Peu à peu il aperçoit que l’amour, d’une part est la conscience d’un besoin d’unification et d’autre part, paradoxalement que la Chasteté pose tout le problème de l’amour jusque dans ses dimensions cosmiques.

C’est au début du mois de mars 1918 qu’il commence à composer et construire des esquisses préparatoires au texte dont la rédaction inaugurée le 19 mars sera symboliquement terminée pour le jour de la fête de l’Annonciation, le 25 mars.
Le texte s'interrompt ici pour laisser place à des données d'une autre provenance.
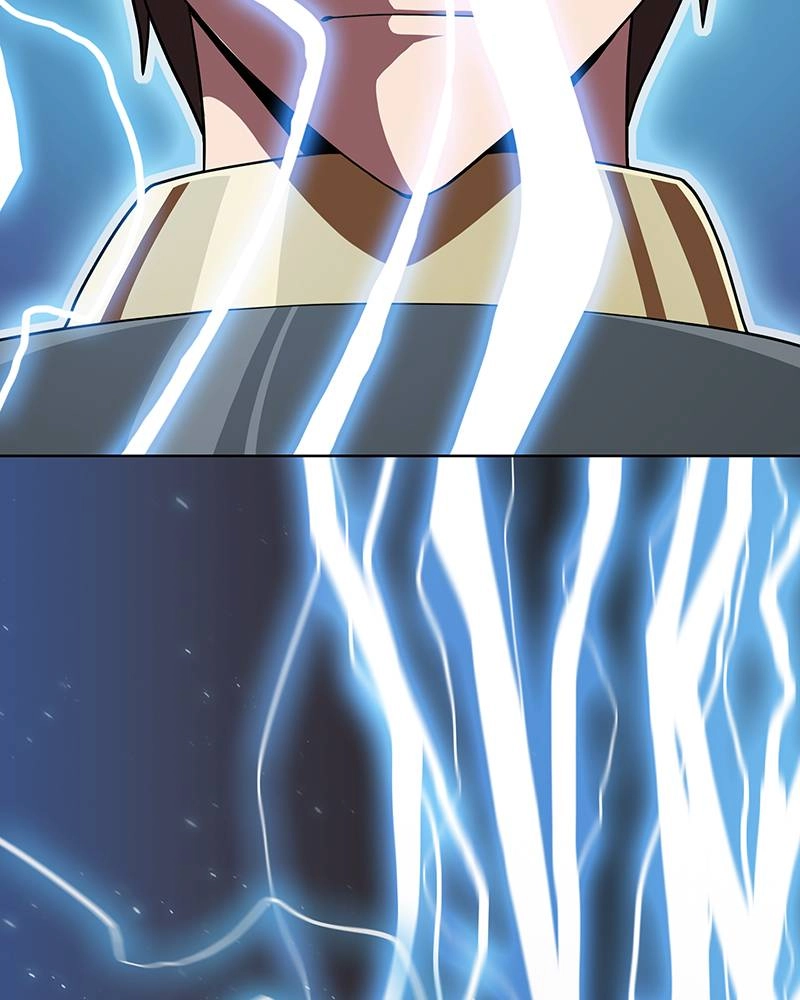 The Advanced Player of the Tutorial Tower Chapter 114, page 92 of 142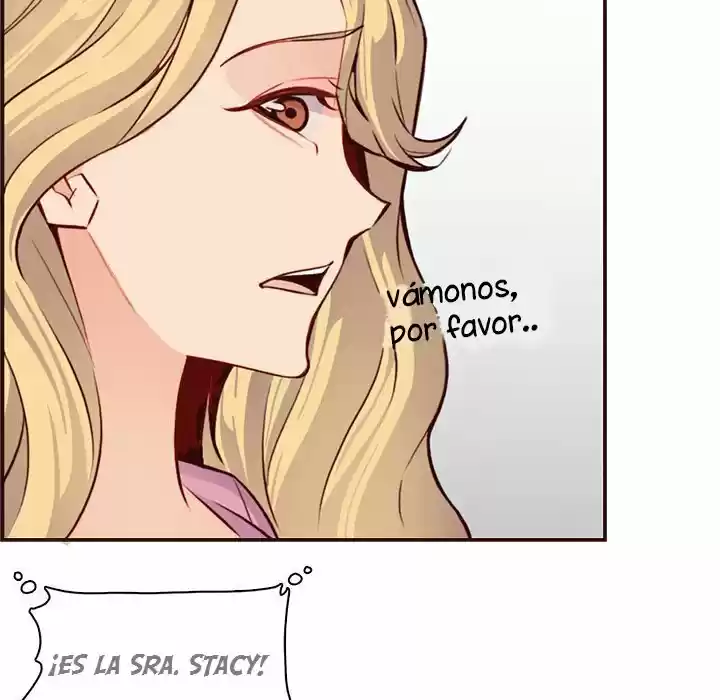 Never Too Late - Capítulo 113 - Página 76 - LectorTMOo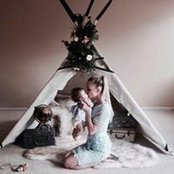 Jeanette Radmall's photo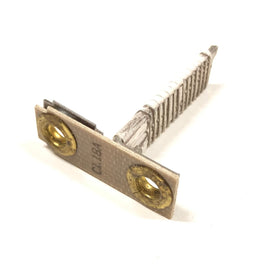 CR123C131A General Electric Overload Thermal Heating 1-1.52 Amp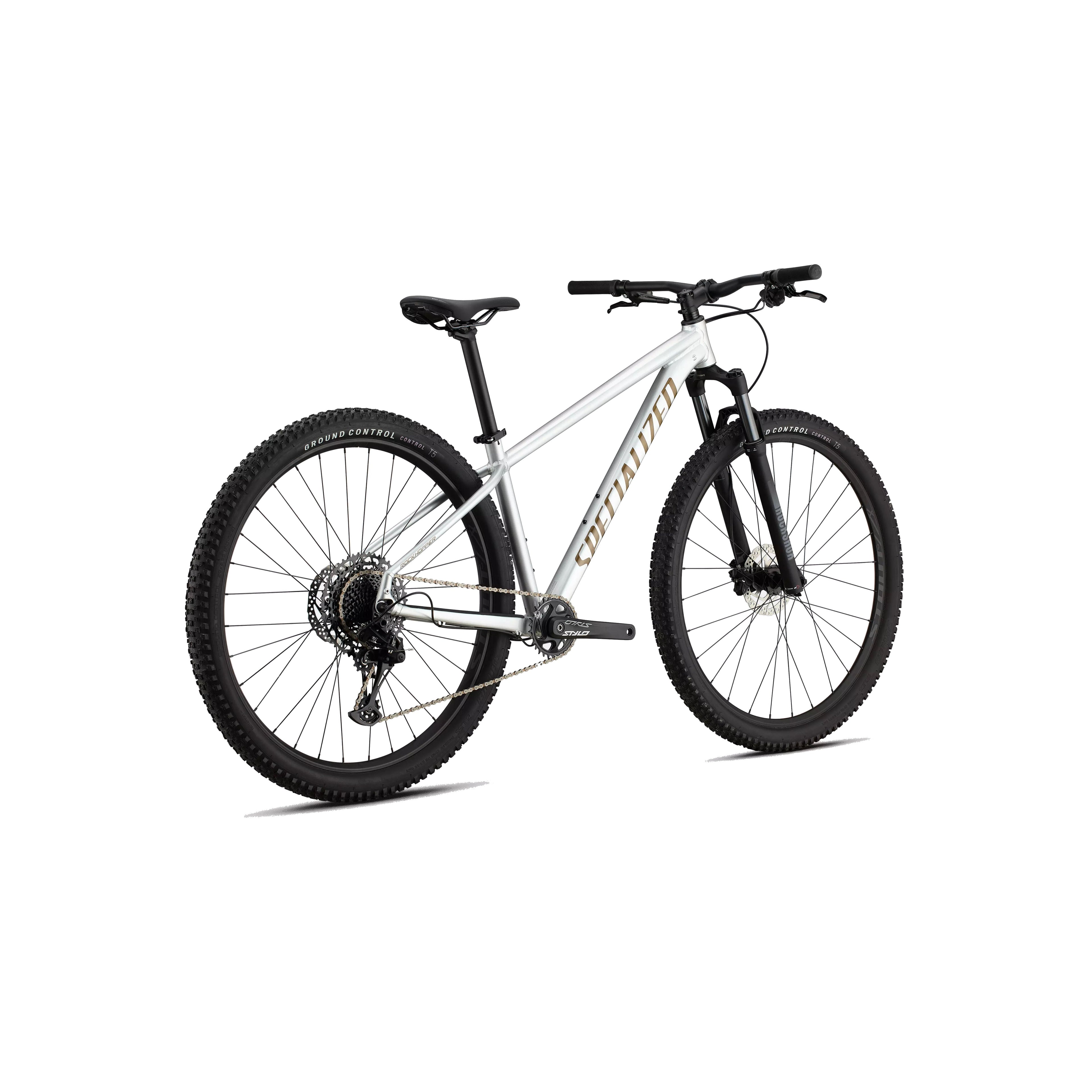 Specialized Rockhopper Expert 29"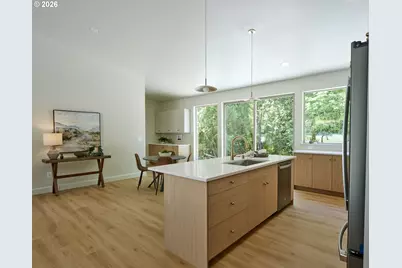 956 Paine Rd, Castle Rock, WA 98611 - Photo 21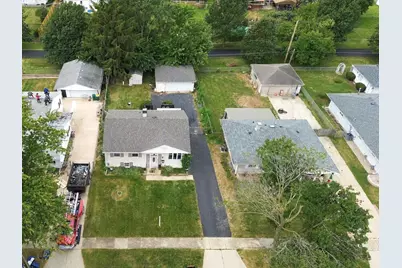 909 Cypress Lane, Joliet, IL 60435 - Photo 22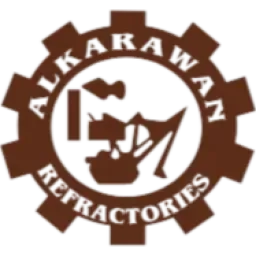Al Karawan Group of Companies logo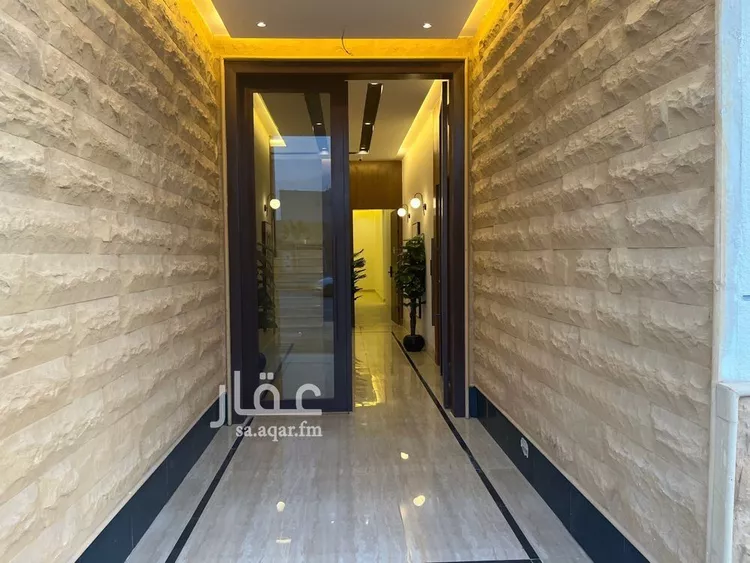 شقة للبيع في شارع حميدة الإبراهيمي, حي العوالي, مدينة الرياض, منطقة الرياض 7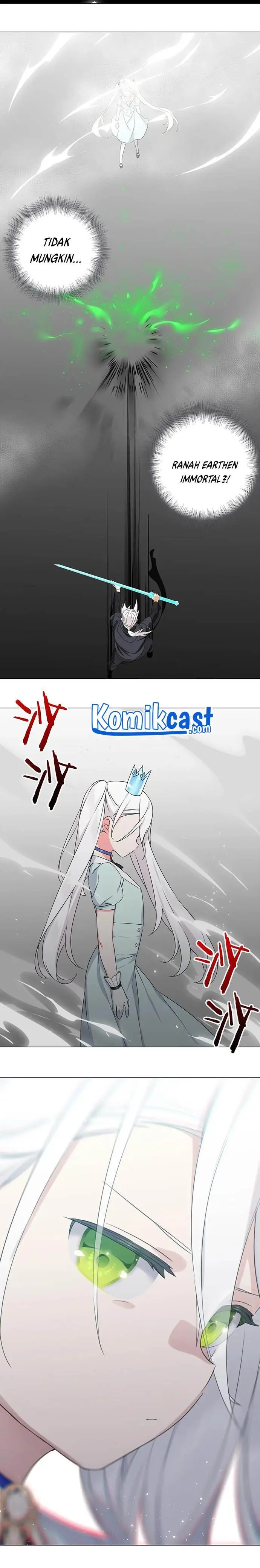image-komik-my-harem-grew-so-large-i-was-forced-to-ascend-chapter-53-36/40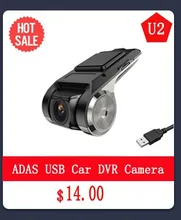 HTB1rIOOLAvoK1RjSZPfq6xPKFXaM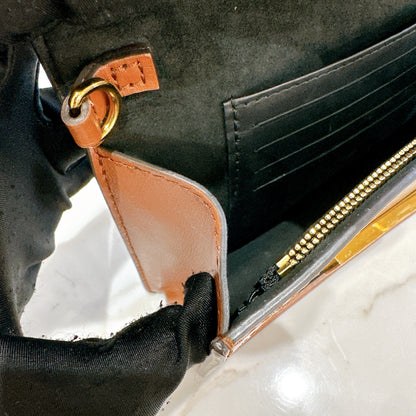 LV Dauphine WOC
La forme littéraire qu’il adopte enfin déroute le lecteur. Après avoir hésité entre la forme dissertative et l’exploitation abstraite d’un symbole, il entend, de manière concrète, faire appel au féminin non comme à un Principe neutre mais comme une Perfection réalisée dans un être personnel : la Vierge Marie .Celle-ci , vraie Déméter, est bien la Perle du Cosmos, Mère de toutes choses , par elle le féminin fleurit et se révèle l’élément attractif cosmique. Et s’il s’adresse à « Béatrix, la Vierge voilée » (et non Béatrice, malgré la référence explicite à Dante), c’est qu’il ne s’agit pas d’une jeune femme précise mais d’un symbole qui voile et dévoile, tout ensemble une Personne , quant à elle bien concrète , Marie , dans laquelle le féminin trouve se plus haute réalisation et à travers laquelle le Christ se manifeste .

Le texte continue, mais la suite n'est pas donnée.